* _Requirement_: The response should reproduce exactly the lines from the top of the listing below through the one that contains "Persona sentada en", and nothing else; pictures do not belong in it.

■ ■ ■ ■ ■

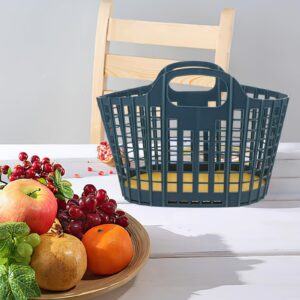 Luxshiny Plastic Shopping Basket 2pcs Plastic Organizer Storage Baskets with Handles, Bins Organizer Portable Shower Tote Fruit Vegetable Storage Basket for Bathroom Kitchen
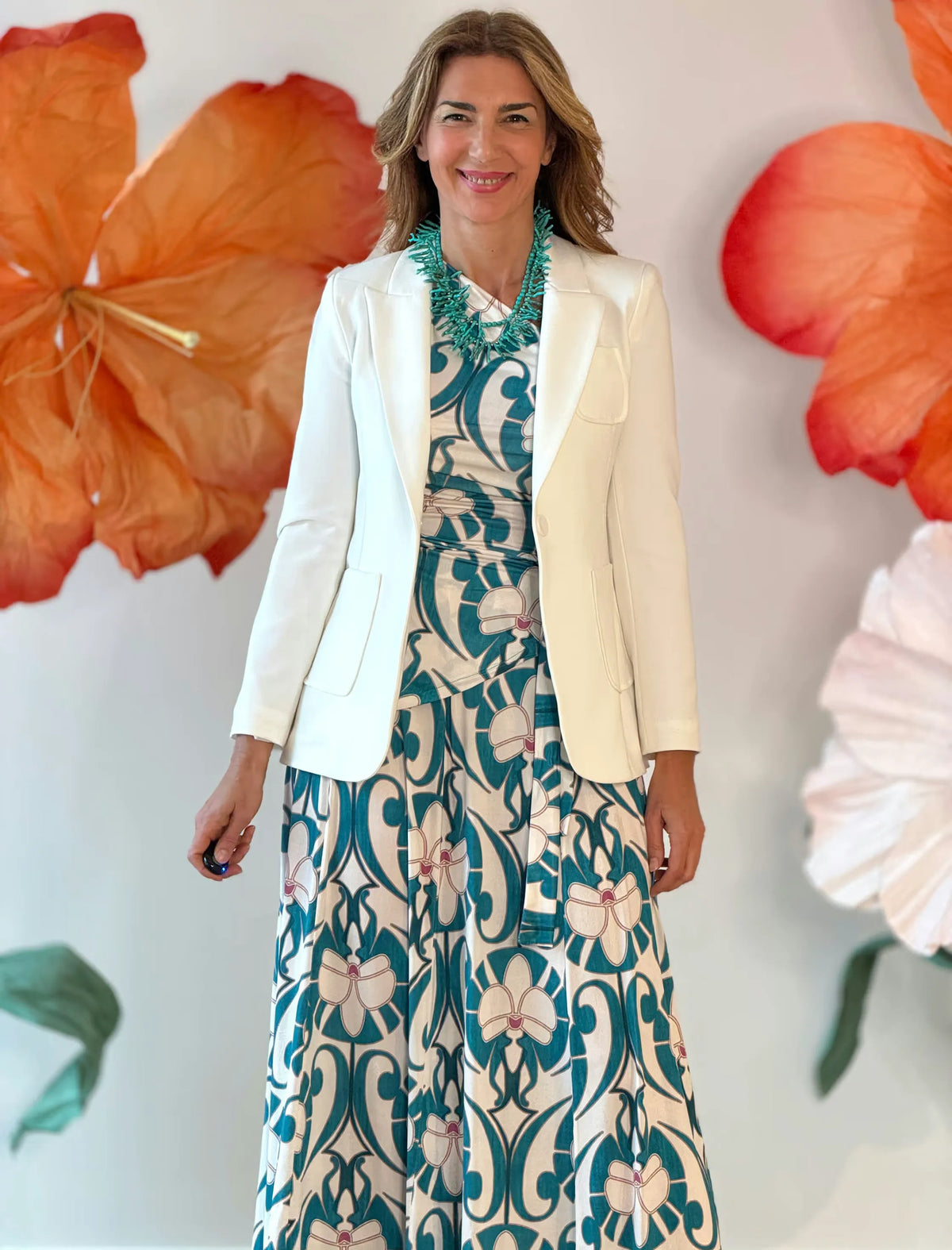 Chaqueta Blanca Blazer Slim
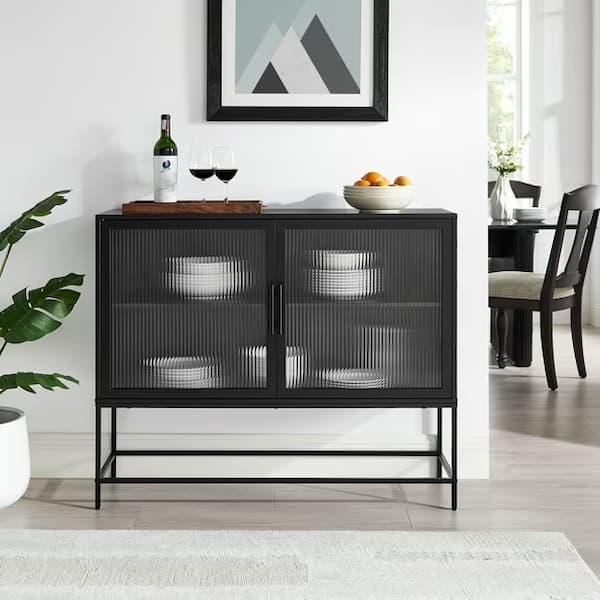 Mainstays Metal and Fluted Glass Bar Cabinet deal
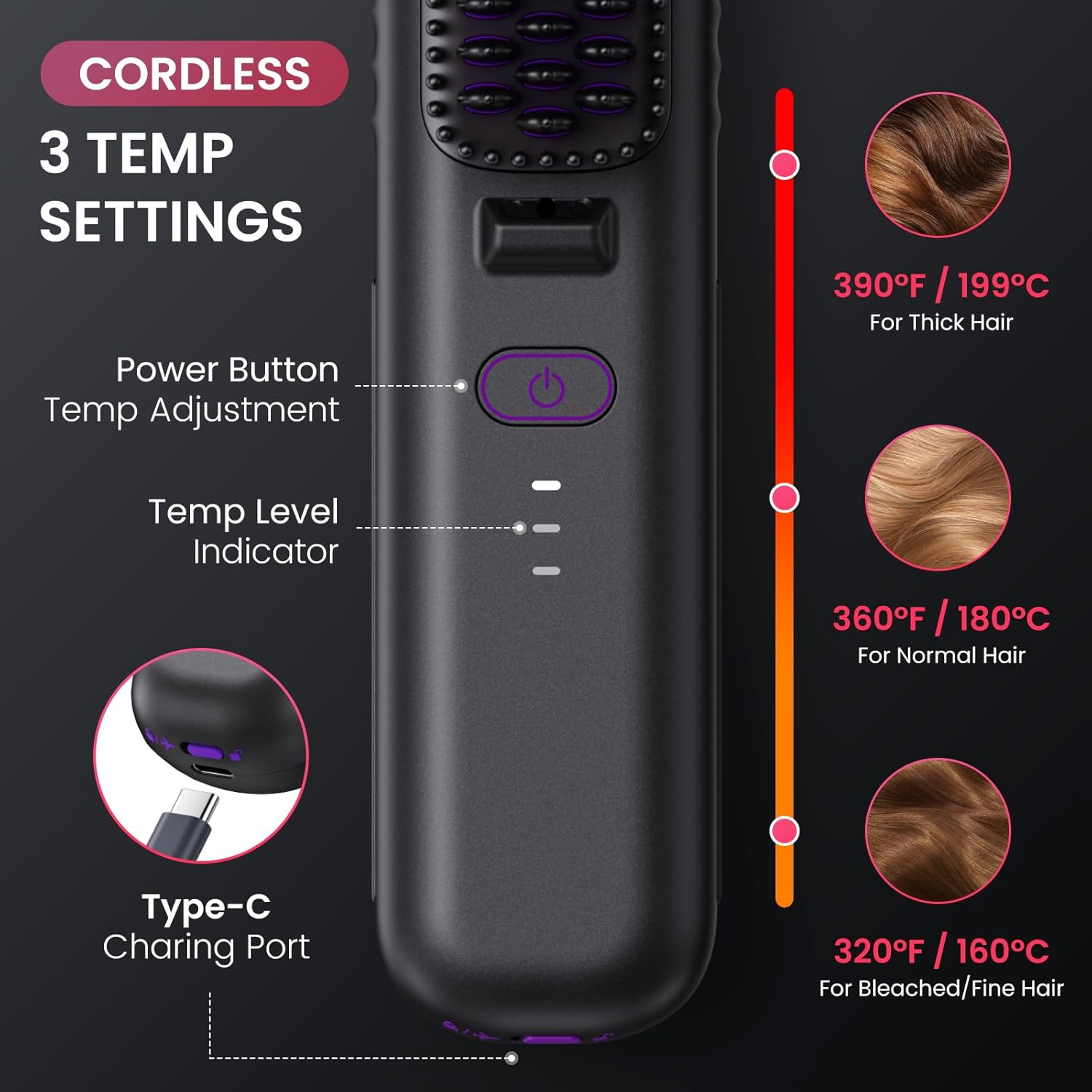 Cordless Hair Straightener Brush, Portable Mini Straightening Brush for Travel, Negative Ion Hot Comb Hair Straightener for Women, Light Purple - Image 7
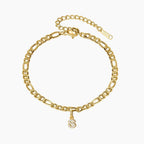 Pulseira de Tornozelo Figaro com Inicial Cravejada - Wulgor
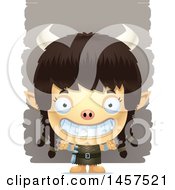 Poster, Art Print Of 3d Grinning Ogre Girl Over Strokes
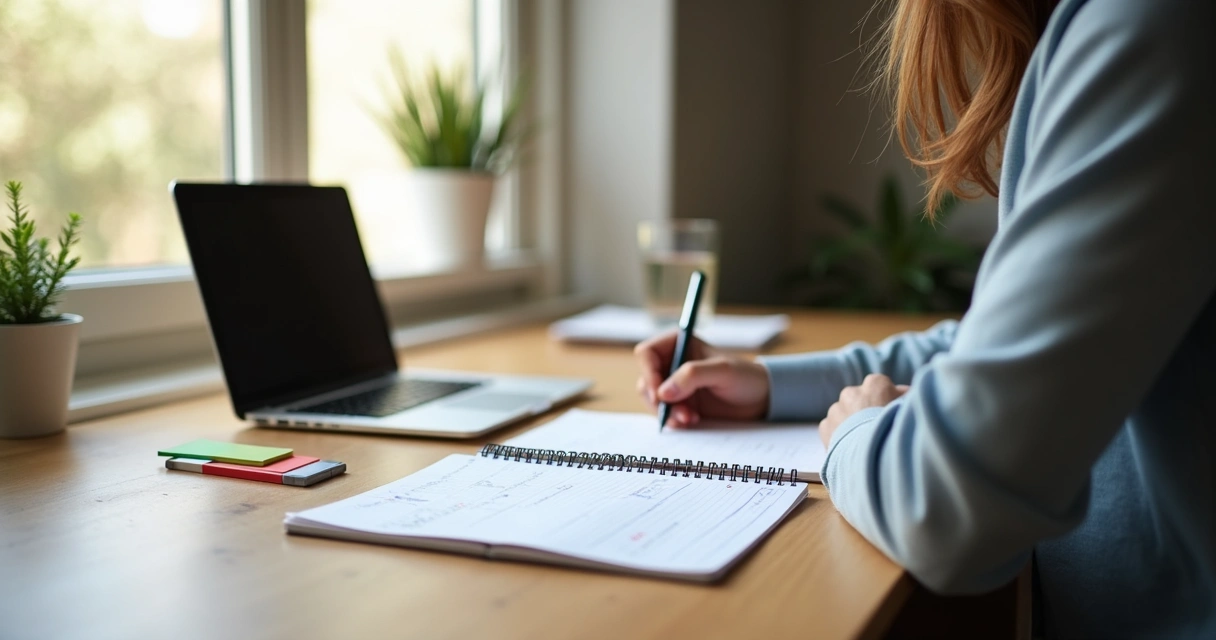 Persona sentada en un escritorio organizando su semana con calma y enfoque 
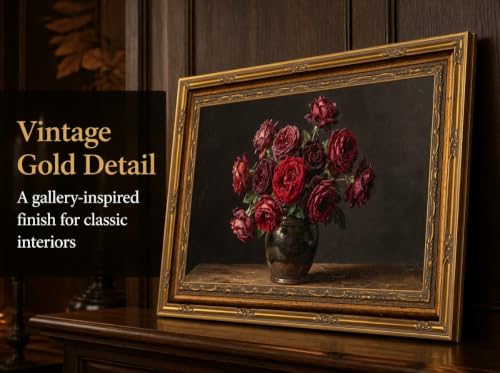 MOGIKE Vintage Framed Burgundy Red Rose Wall Art - 12x24 Inch Floral Canvas for Living Room & Bedroom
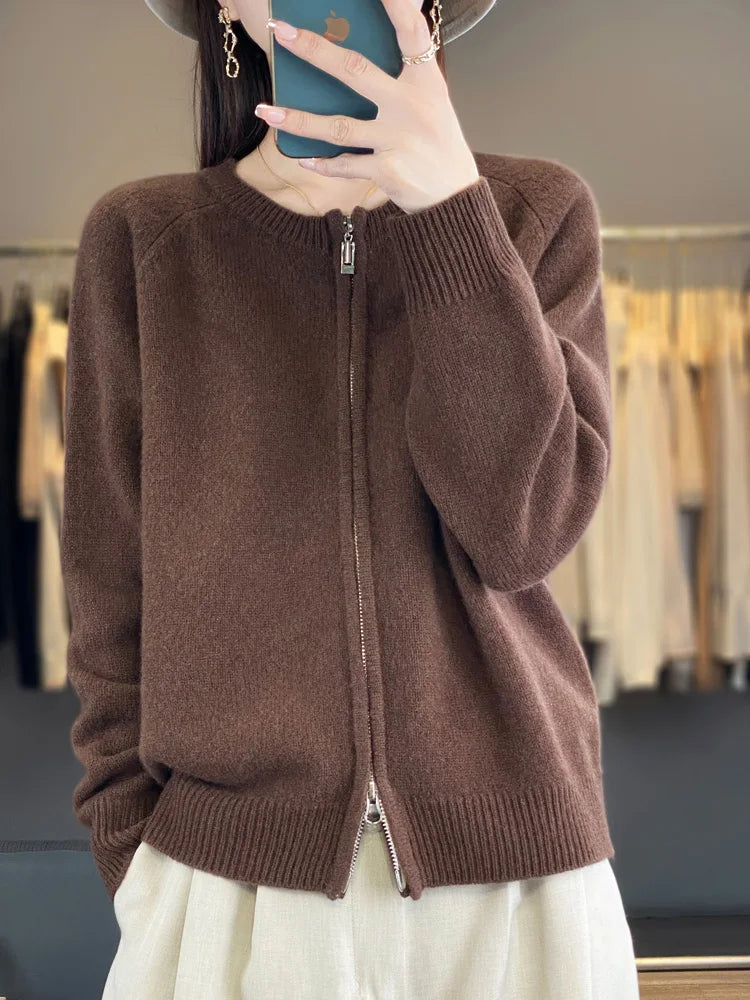 Cotton Zip Up Sweater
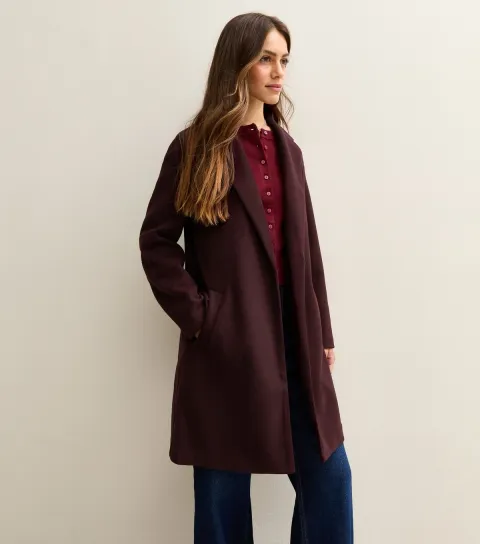 Women's Petite Burgundy Unlined Tailored Coat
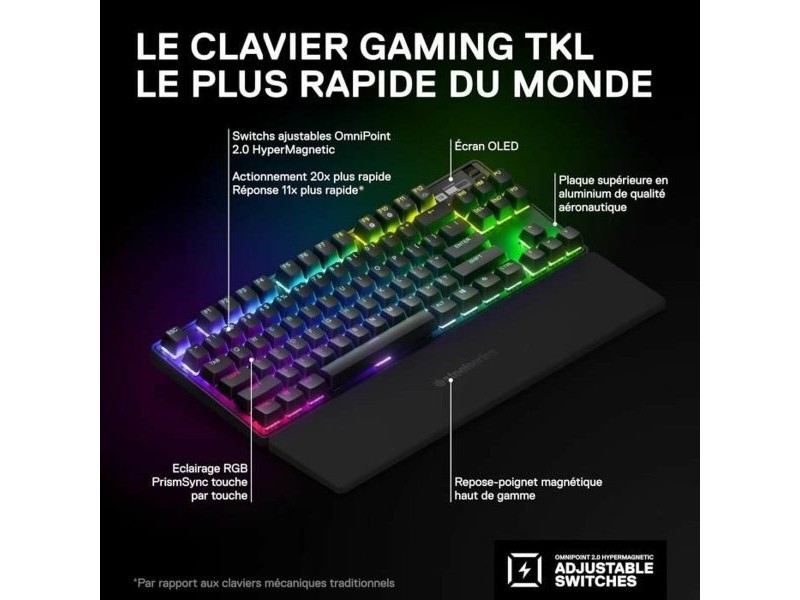 Блутут клавиатура SteelSeries 64869 Черен френски AZERTY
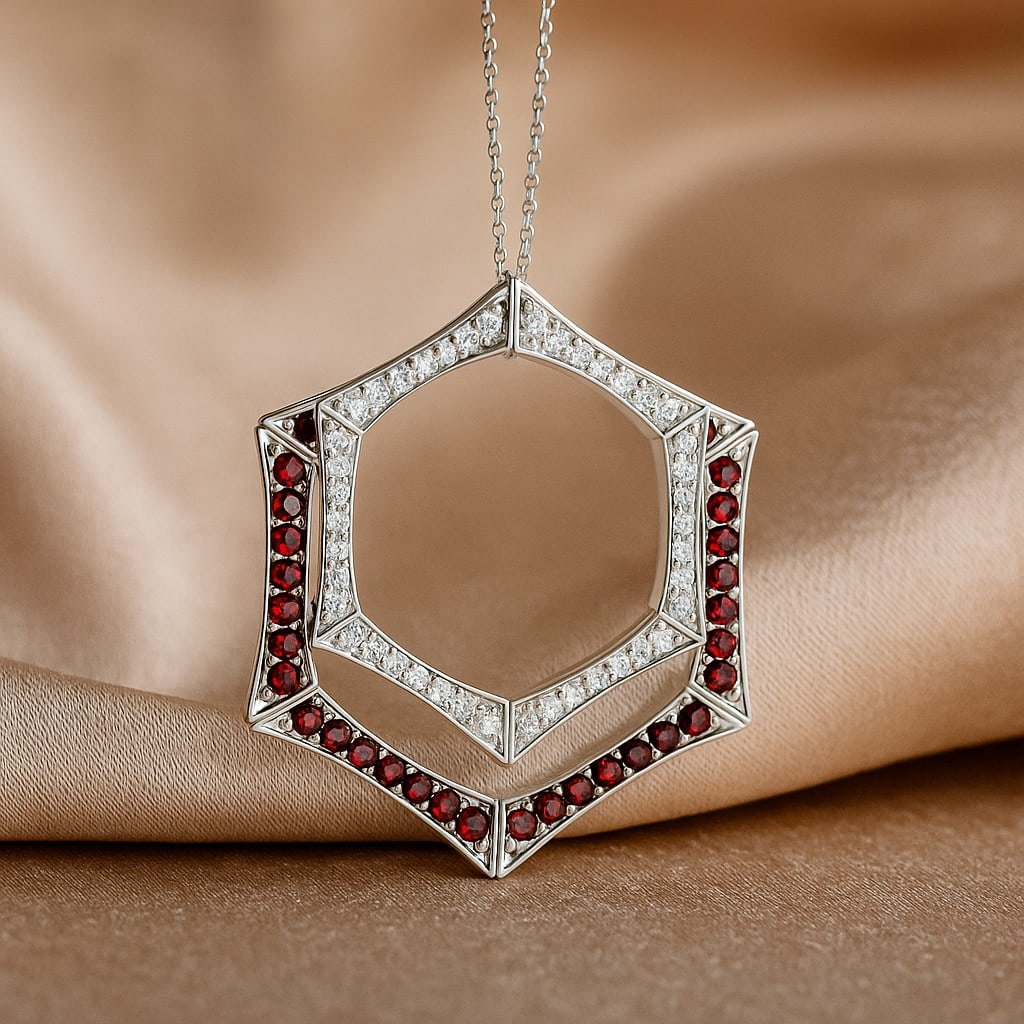 Natural Garnet & Diamond 92.5 Sterling Silver Pendant with Chain: Natural Garnet & Diamond 92.5 Sterling Silver Pendant with Chain Gemstone Shape : Round Gemstone Size : 1.4 MM Gemstone Quantity : 84 Pieces Diamond Type : Lab Grown Diamond Shape : Round Diamo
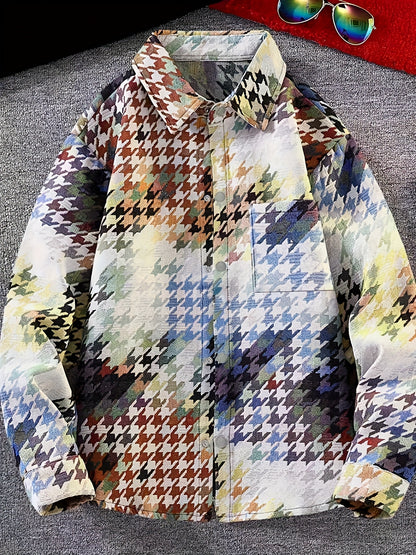 Men'S Vintage American Style Woven Bear Shirt Jacket, High-End Trendy Casual Shirt for Autumn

■ ■ ■ ■ ■

* _Solution to the exercise_:
 Luxshiny Plastic Shopping Basket 2pcs Plastic Organizer Storage Baskets with Handles, Bins Organizer Portable Shower Tote Fruit Vegetable Storage Basket for Bathroom Kitchen
 Chaqueta Blanca Blazer Slim
 Mainstays Metal and Fluted Glass Bar Cabinet deal
 Cordless Hair Straightener Brush, Portable Mini Straightening Brush for Travel, Negative Ion Hot Comb Hair Straightener for Women, Light Purple - Image 7
 Pulseira de Tornozelo Figaro com Inicial Cravejada - Wulgor
 Poster, Art Print Of 3d Grinning Ogre Girl Over Strokes
 Persona sentada en un escritorio organizando su semana con calma y enfoque 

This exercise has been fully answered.